Globally integrated markets; new levels of accountability that stem from new laws and regulations; and ever increasing expectations of a broader stakeholder group, who demand effective corporate governance, risk management, transparency, accountability, and optimized performance, have elevated the concerns at board room level of ensuring that effective, transparent and reliable governance and compliance tools are in place and are utilized.
The challenge is that each individual term - Governance, Risk, and Compliance have got different interpretations across the enterprise. We have IT Governance, Corporate Governance, Business Risk, Strategic Risk, Financial Risk, Operational Risk, IT Risk, Corporate Compliance, Sarbanes-Oxley (SOX) Compliance, Privacy Compliance, and Employment and Labor compliance. The list is endless.
Thus there is a need of a unified GRC strategy that works with multiple roles across the organization—legal, risk, audit, compliance, IT, ethics, finance, lines of business; guides people; standardizes processes; and integrates technology to embed GRC at every organizational level. Following suggests best practices to ensure sound GRC practice in an enterprise:
• User Roles and Access Management
Enforce compliant user provisioning across all systems with integrated user identity and access controls management.
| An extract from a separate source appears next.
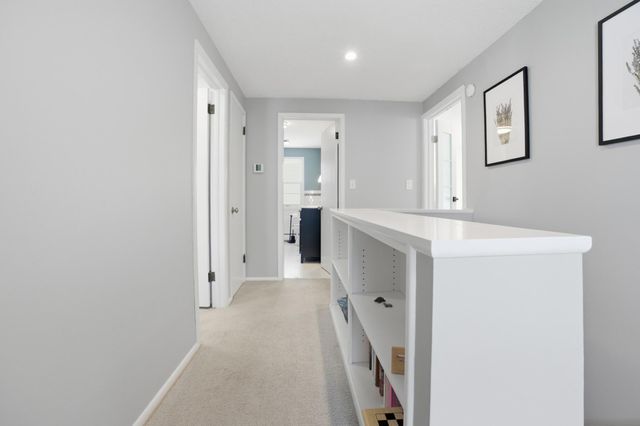 1866 Yorkshire Avenue, Saint Paul, MN 55116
Centrally define users and their roles; assign, control, change and revoke access to avoid segregation of duties conflicts. Automate segregation of duties across enterprise applications, custom solutions, and database systems with business-driven rules to prevent unauthorized access to sensitive company and customer information. All users, including privileged users such as administrators, thus have access to only what they need to do their job.
• Data Management
Collaborate and share information, assessments, metrics, risks, investigations and losses across roles Protect information efficiently and prevent fraud by identifying and preventing access and authorization risks in cross-enterprise IT systems. Reduce redundant information silos and overlapping tasks, while utilizing date-effective audit trails that track the "who, what, and when" of changes made to critical business workflows, information, risk-control metrics, work papers, documentation and other evidence.
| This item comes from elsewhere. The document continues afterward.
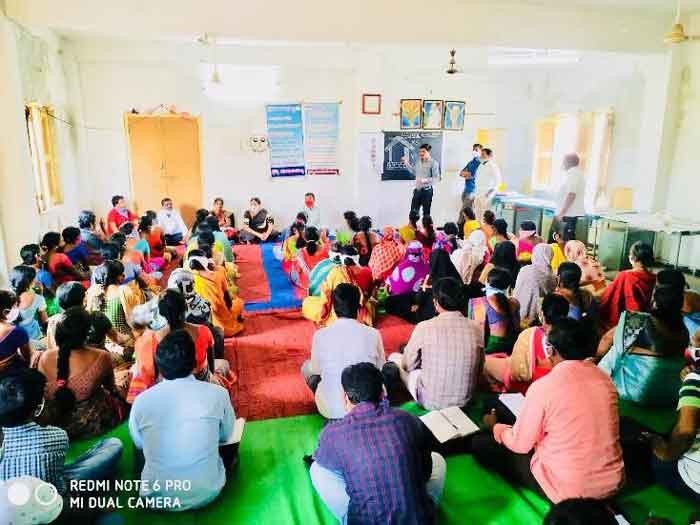 మహిళా సంఘాలకు ఆర్థిక స్వావలంబన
• Process Control and Management
Provide support to both cross-industry and industry-specific processes. Enable business process control management by leveraging core processes followed across the business and centrally monitoring key controls and data across-enterprise systems. Automate risk-based processes to address risk management, access control, IT controls testing, data monitoring, and reporting.
• Risk-balanced Strategy Management
Assess the value of a new business opportunity with its associated strategic, financial, legal, and compliance risks to optimize resource usage and minimize the market penalties from high-impact events. Establish tolerance thresholds for risks in the context of business operations. Risk based controls across different business process areas ranging from financial; operational to human resources should be introduced.
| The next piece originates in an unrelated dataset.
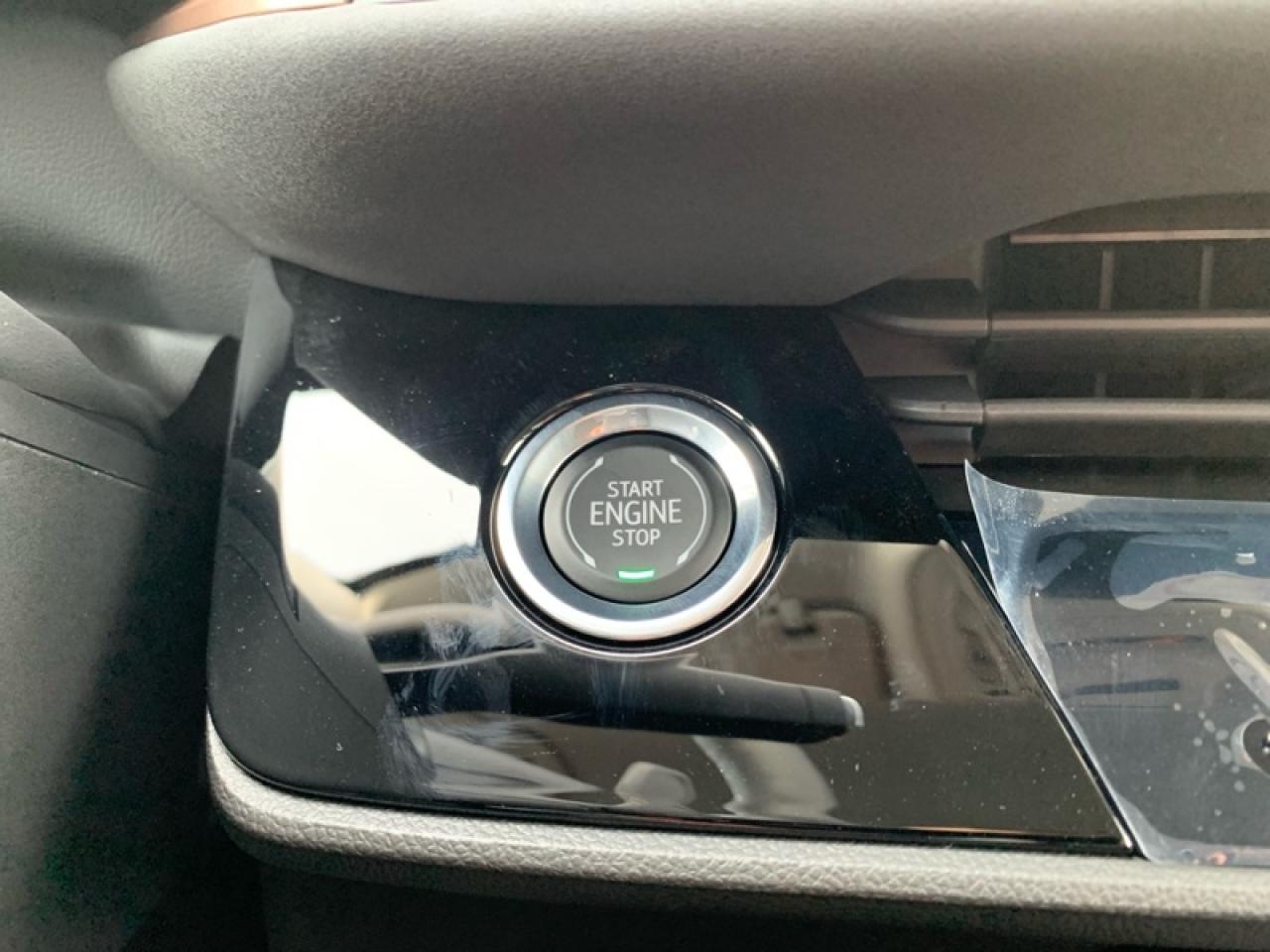 2025 Buick Envision Sport Touring  - Leather Seats Photo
• Automated Controls Enforcement
Establish an enterprise understanding of risk with a standardized and automated process to identify, track, assess, and treat risks. Highlight key risk and performance indicators with the help of executive-level dashboards and dynamic drill-down reporting.
Minimize fraud risk with continuous monitoring and automated enforcement of best-practice configuration policies. Enforce comprehensive and automated controls for applications and technologies (all middleware, and database). Determine root causes and accountability for risk by tracking personnel ownership. Route alerts and notifications to concerned personnel/ IT managers for appropriate action.
• Enterprise Performance Management
Set organizational goals and objectives, all this while allowing separate lines of business within the organization to address the distinct risk and compliance requirements within their sphere. Maintain a fine balance between the autonomous and related functions which business units undertake.